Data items
··········

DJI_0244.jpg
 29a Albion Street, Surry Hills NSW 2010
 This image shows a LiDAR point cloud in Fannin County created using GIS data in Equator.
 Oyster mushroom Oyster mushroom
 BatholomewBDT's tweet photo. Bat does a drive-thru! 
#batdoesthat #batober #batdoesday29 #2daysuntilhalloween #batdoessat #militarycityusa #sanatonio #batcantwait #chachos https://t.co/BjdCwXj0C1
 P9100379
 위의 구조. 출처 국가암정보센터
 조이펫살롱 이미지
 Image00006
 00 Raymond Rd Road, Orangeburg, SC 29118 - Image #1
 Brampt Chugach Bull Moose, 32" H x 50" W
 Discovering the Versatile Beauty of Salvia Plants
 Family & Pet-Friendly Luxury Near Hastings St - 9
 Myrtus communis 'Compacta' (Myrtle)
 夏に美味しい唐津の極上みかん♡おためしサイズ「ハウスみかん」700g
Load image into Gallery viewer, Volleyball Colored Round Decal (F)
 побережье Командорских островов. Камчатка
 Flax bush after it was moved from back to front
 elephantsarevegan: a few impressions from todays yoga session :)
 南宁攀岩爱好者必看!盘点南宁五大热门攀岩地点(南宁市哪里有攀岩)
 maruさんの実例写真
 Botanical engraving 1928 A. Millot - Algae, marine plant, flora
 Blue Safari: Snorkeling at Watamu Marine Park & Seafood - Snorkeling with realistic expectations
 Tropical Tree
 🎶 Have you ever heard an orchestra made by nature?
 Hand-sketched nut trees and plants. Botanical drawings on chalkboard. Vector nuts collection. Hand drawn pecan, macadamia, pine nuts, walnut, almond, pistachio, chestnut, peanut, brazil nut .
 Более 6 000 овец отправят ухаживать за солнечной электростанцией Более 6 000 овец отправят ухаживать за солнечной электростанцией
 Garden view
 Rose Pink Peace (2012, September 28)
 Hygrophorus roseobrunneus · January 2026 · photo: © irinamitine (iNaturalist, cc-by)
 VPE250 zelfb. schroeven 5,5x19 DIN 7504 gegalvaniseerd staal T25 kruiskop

··········

== WORK ITEM ==
Retype the entries above exactly, but only from the line containing "위의 구조. 출처 국가암정보센터" through the line containing "夏に美味しい唐津の極上みかん♡おためしサイズ「ハウスみかん」700g", both included.

== EXPECTED ANSWER ==
 위의 구조. 출처 국가암정보센터
 조이펫살롱 이미지
 Image00006
 00 Raymond Rd Road, Orangeburg, SC 29118 - Image #1
 Brampt Chugach Bull Moose, 32" H x 50" W
 Discovering the Versatile Beauty of Salvia Plants
 Family & Pet-Friendly Luxury Near Hastings St - 9
 Myrtus communis 'Compacta' (Myrtle)
 夏に美味しい唐津の極上みかん♡おためしサイズ「ハウスみかん」700g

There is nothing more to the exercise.